• **REQUIRED WORK**
Nothing should appear in the answer except the lines from the one with "For Samsung Galaxy" through the end of the listing below, transcribed exactly and without pictures.

• **MATERIAL SUPPLIED**

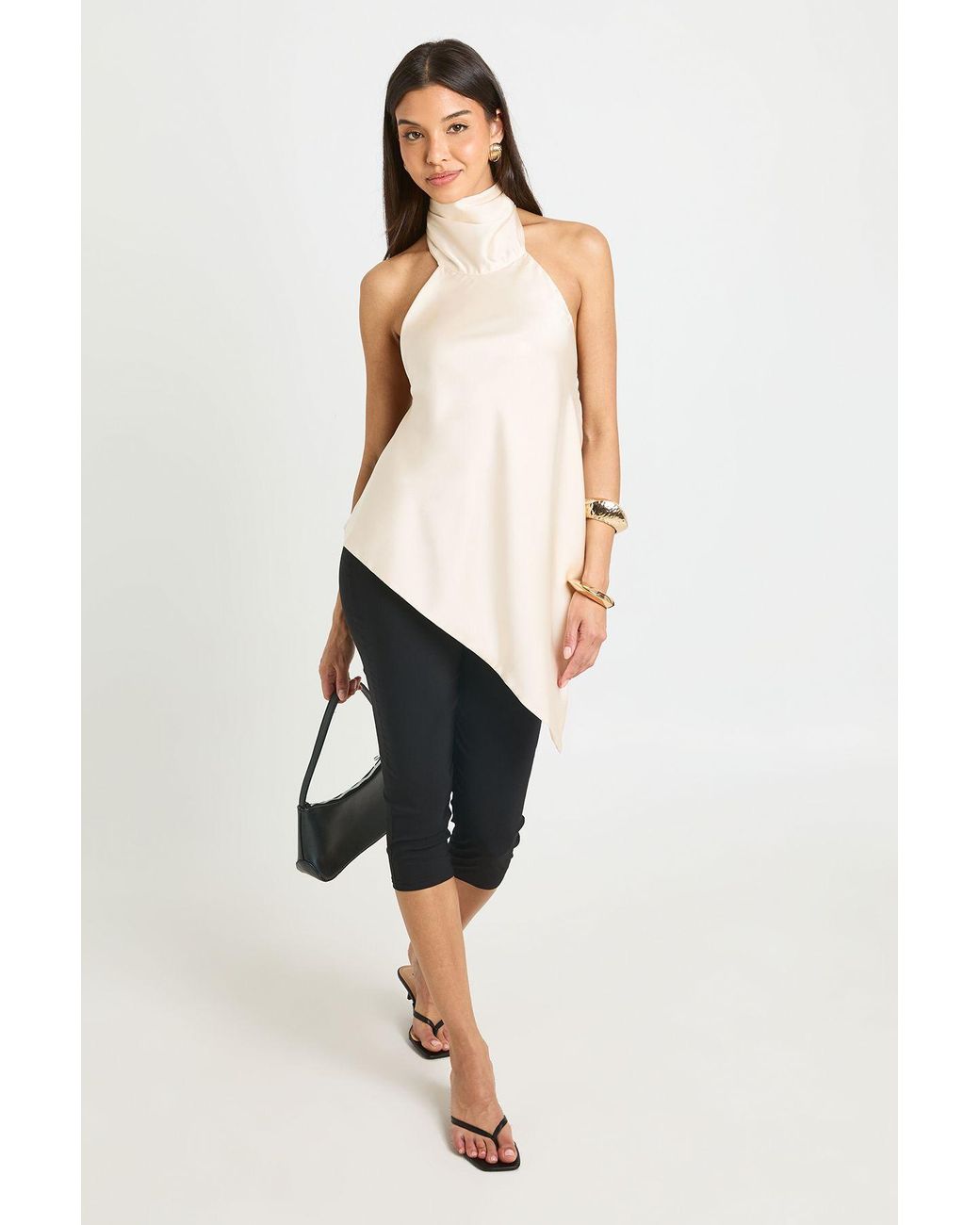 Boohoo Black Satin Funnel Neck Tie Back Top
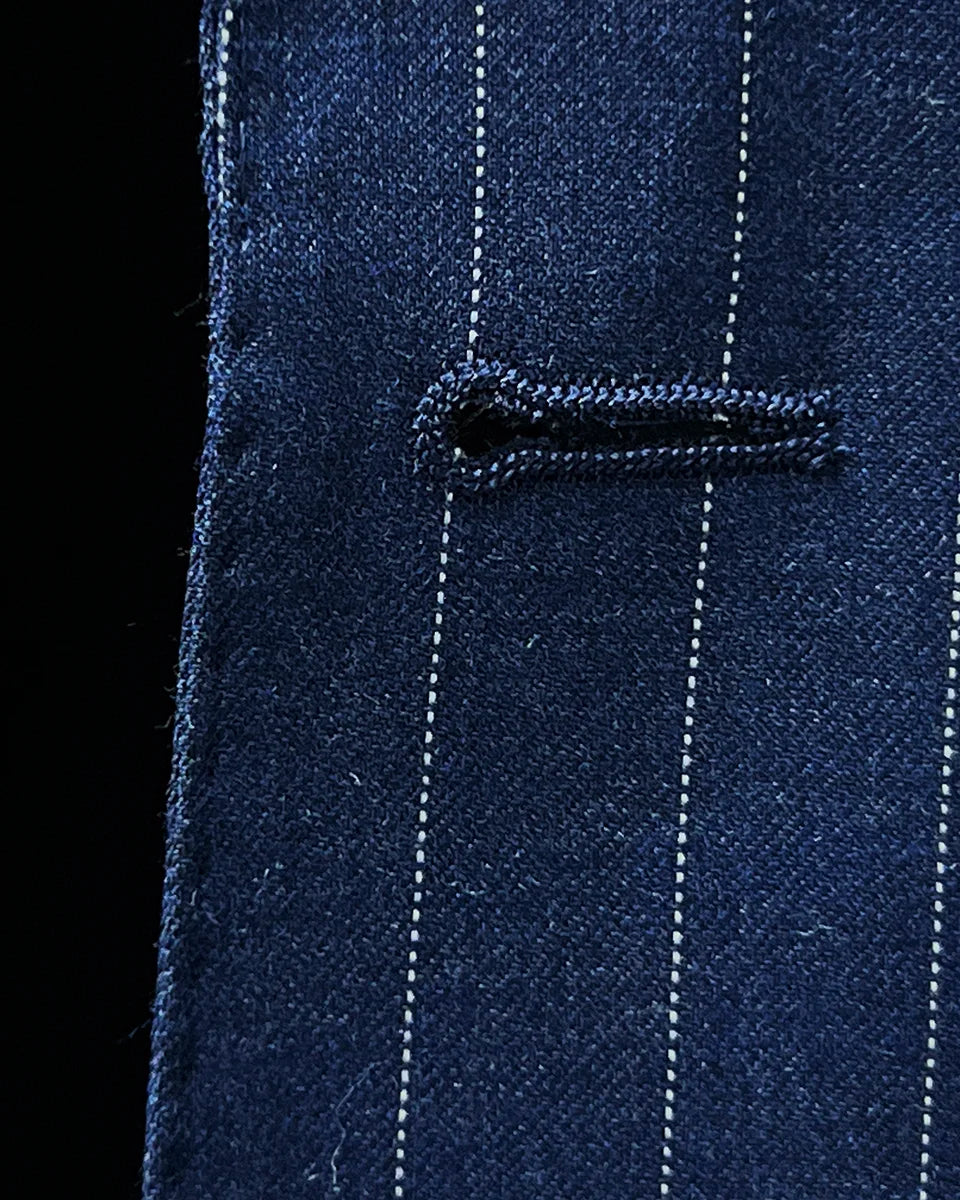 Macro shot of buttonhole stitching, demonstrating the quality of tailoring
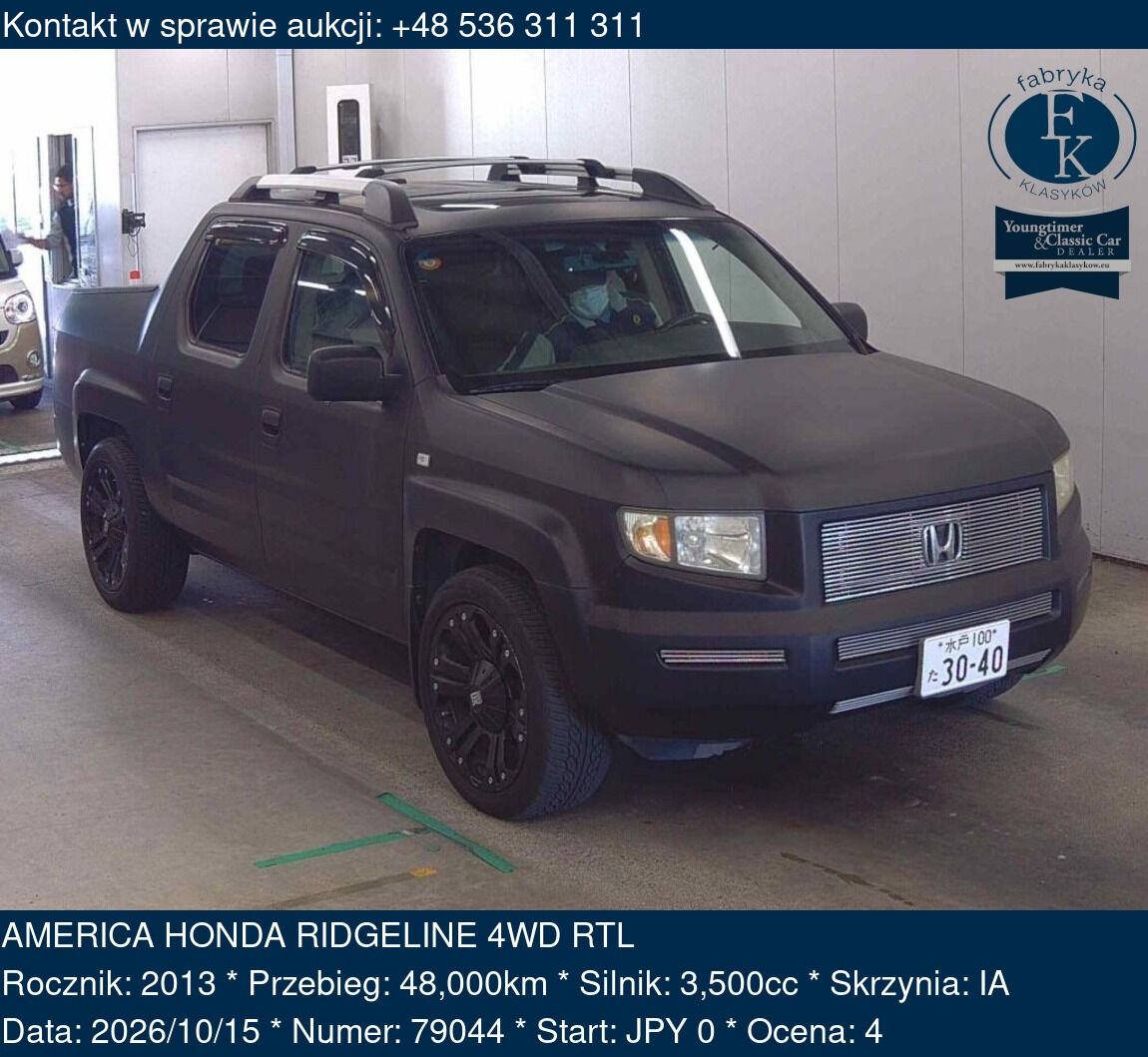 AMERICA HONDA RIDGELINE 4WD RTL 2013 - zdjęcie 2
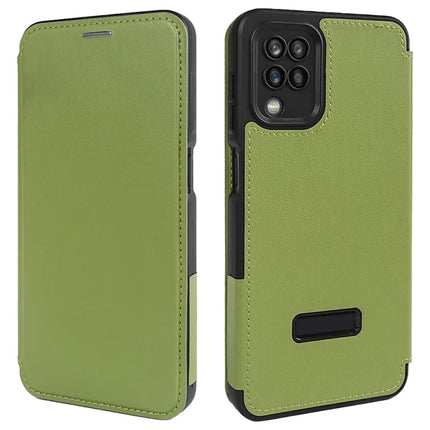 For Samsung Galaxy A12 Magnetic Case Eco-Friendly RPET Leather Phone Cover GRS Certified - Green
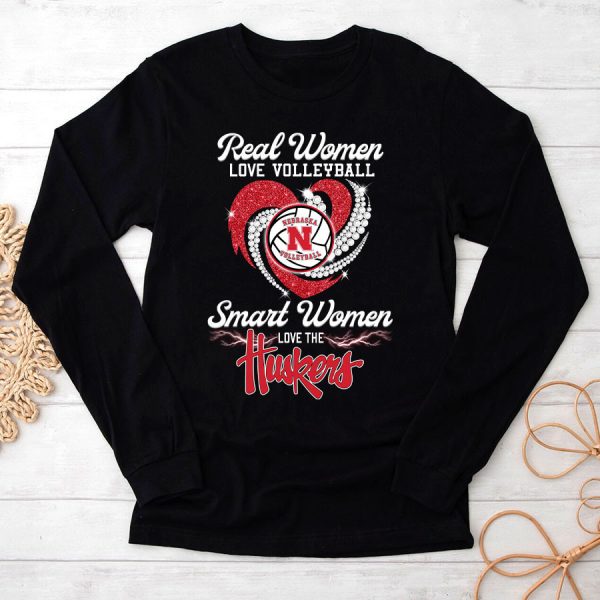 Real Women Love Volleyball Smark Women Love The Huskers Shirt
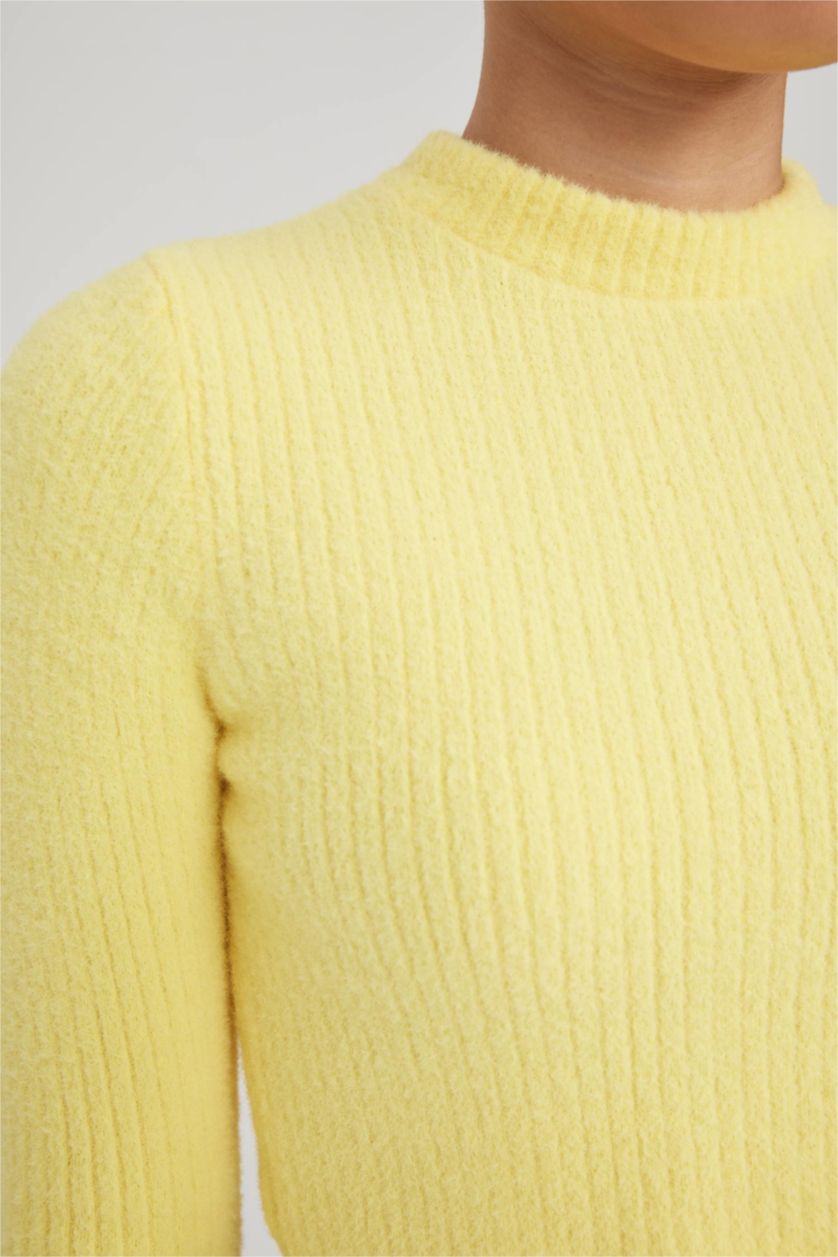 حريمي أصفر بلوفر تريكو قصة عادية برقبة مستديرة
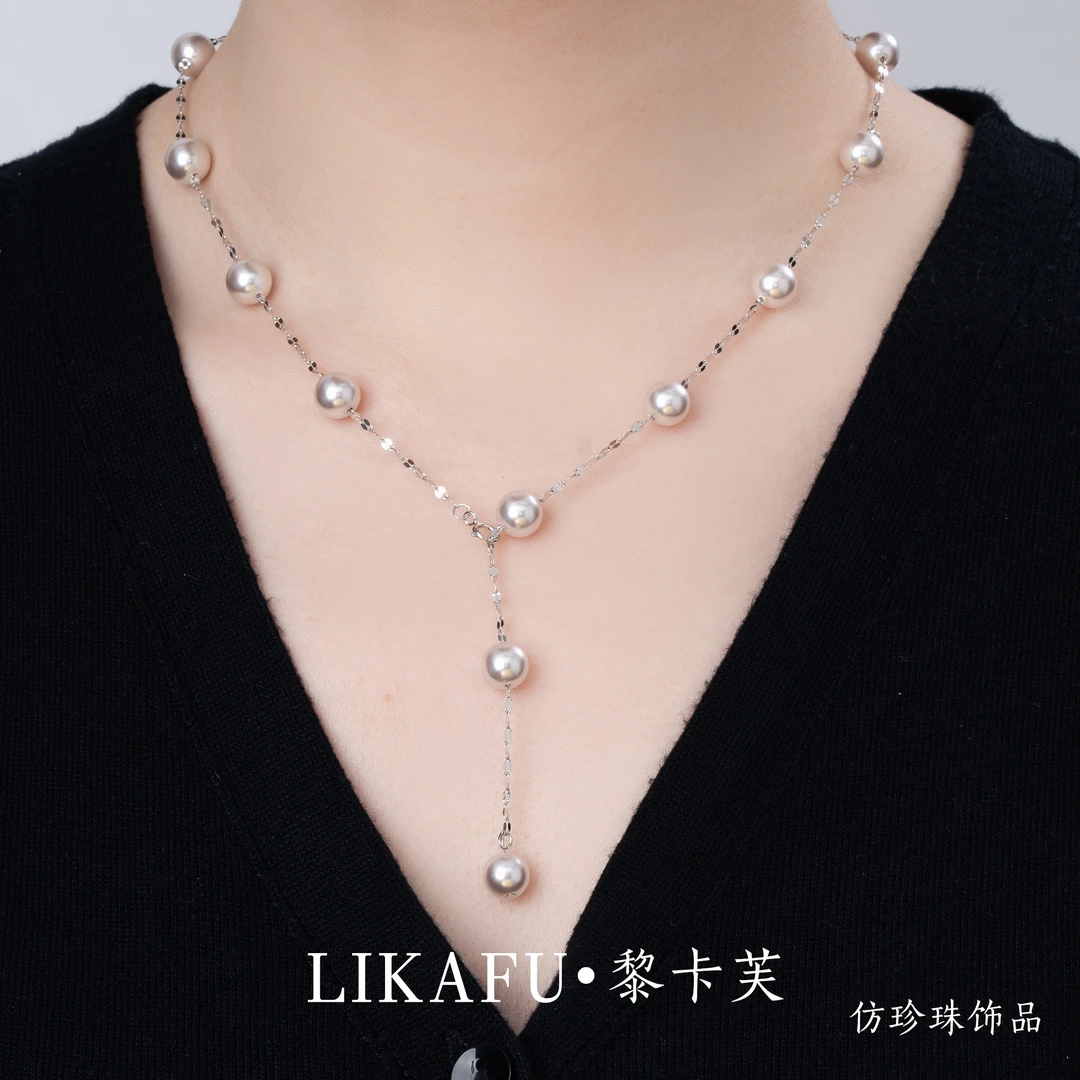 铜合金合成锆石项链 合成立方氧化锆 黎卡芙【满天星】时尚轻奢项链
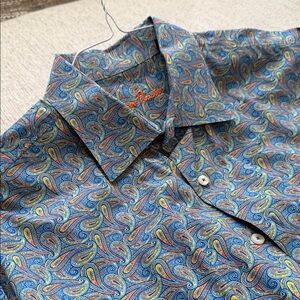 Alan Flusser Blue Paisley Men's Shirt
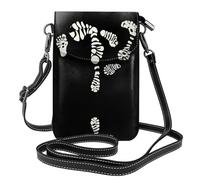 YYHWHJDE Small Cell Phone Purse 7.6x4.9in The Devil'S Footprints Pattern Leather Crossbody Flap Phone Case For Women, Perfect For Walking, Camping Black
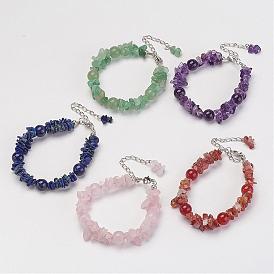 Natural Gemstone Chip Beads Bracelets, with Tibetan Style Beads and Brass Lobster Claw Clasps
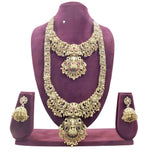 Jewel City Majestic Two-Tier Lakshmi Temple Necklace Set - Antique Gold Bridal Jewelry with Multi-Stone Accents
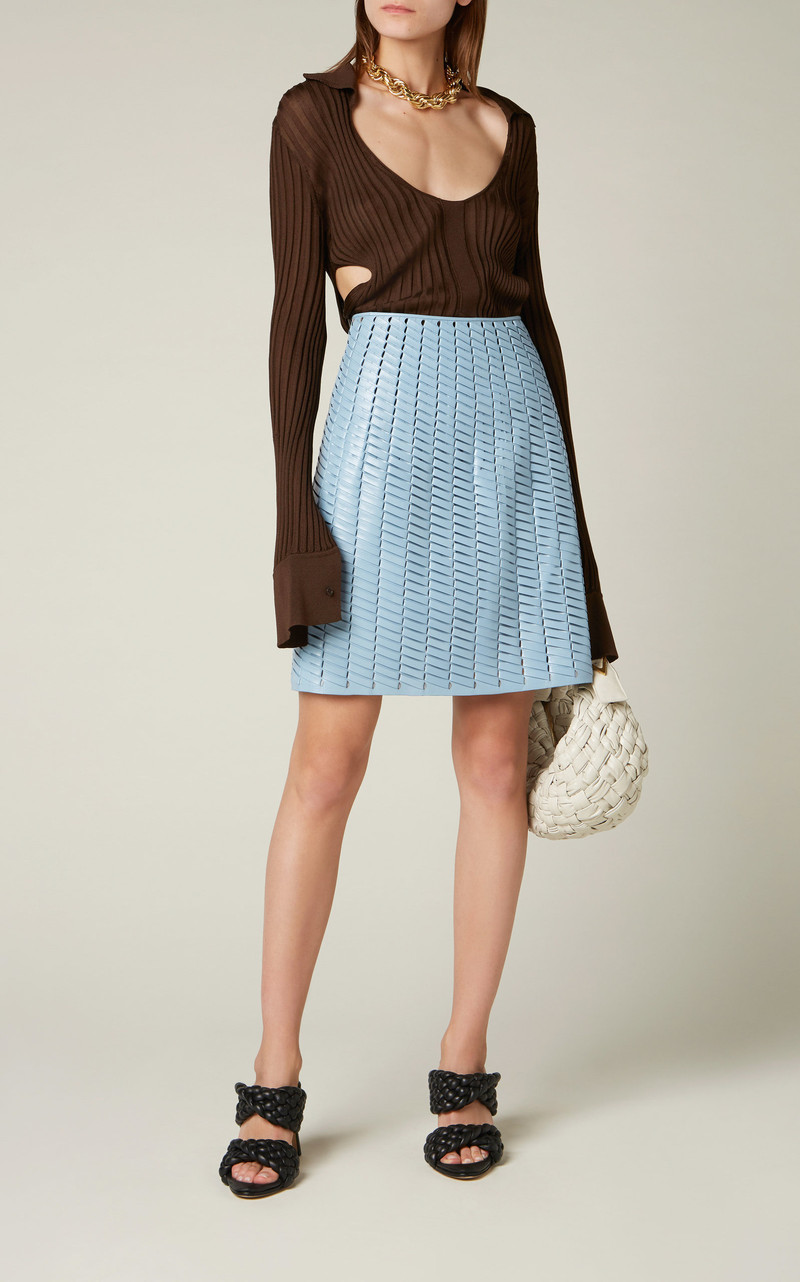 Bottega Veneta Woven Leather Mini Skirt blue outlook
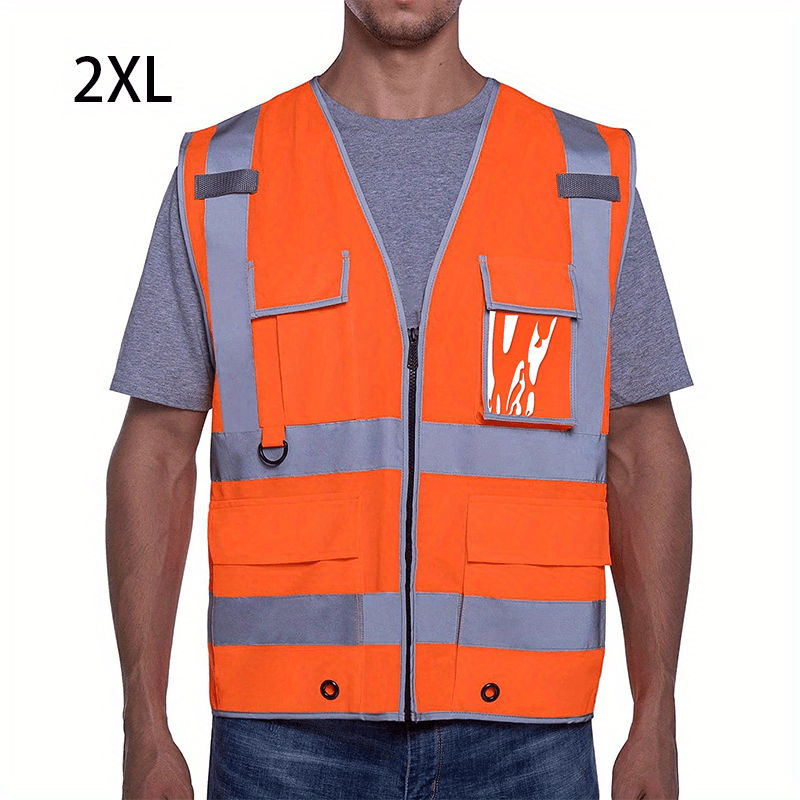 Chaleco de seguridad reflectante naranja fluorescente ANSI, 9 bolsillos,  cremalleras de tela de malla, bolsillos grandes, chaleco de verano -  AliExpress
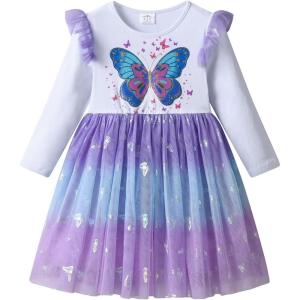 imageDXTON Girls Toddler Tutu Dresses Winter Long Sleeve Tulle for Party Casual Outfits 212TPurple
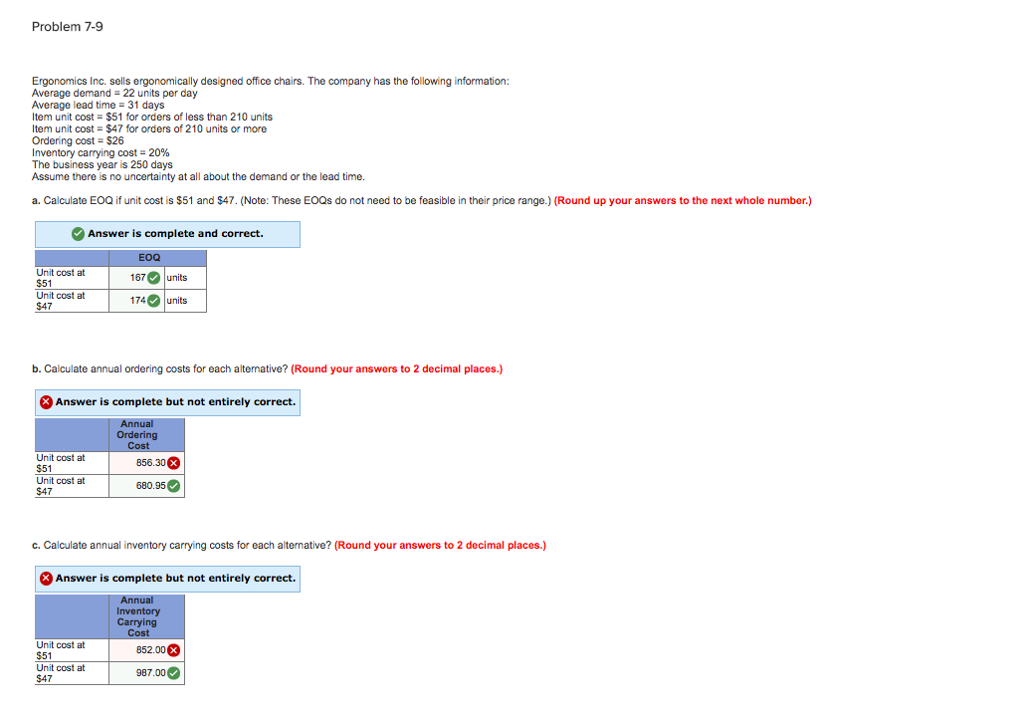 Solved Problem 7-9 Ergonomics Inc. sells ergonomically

• **WRITTEN SOLUTION**
 For Samsung Galaxy A12 Magnetic Case Eco-Friendly RPET Leather Phone Cover GRS Certified - Green
 Real Women Love Volleyball Smark Women Love The Huskers Shirt
 حريمي أصفر بلوفر تريكو قصة عادية برقبة مستديرة
 铜合金合成锆石项链 合成立方氧化锆 黎卡芙【满天星】时尚轻奢项链
 Alan Flusser Blue Paisley Men's Shirt
 YYHWHJDE Small Cell Phone Purse 7.6x4.9in The Devil'S Footprints Pattern Leather Crossbody Flap Phone Case For Women, Perfect For Walking, Camping Black
 Natural Gemstone Chip Beads Bracelets, with Tibetan Style Beads and Brass Lobster Claw Clasps
 Jewel City Majestic Two-Tier Lakshmi Temple Necklace Set - Antique Gold Bridal Jewelry with Multi-Stone Accents
 Bottega Veneta Woven Leather Mini Skirt blue outlook
 Chaleco de seguridad reflectante naranja fluorescente ANSI, 9 bolsillos,  cremalleras de tela de malla, bolsillos grandes, chaleco de verano -  AliExpress
 imageDXTON Girls Toddler Tutu Dresses Winter Long Sleeve Tulle for Party Casual Outfits 212TPurple
 Solved Problem 7-9 Ergonomics Inc. sells ergonomically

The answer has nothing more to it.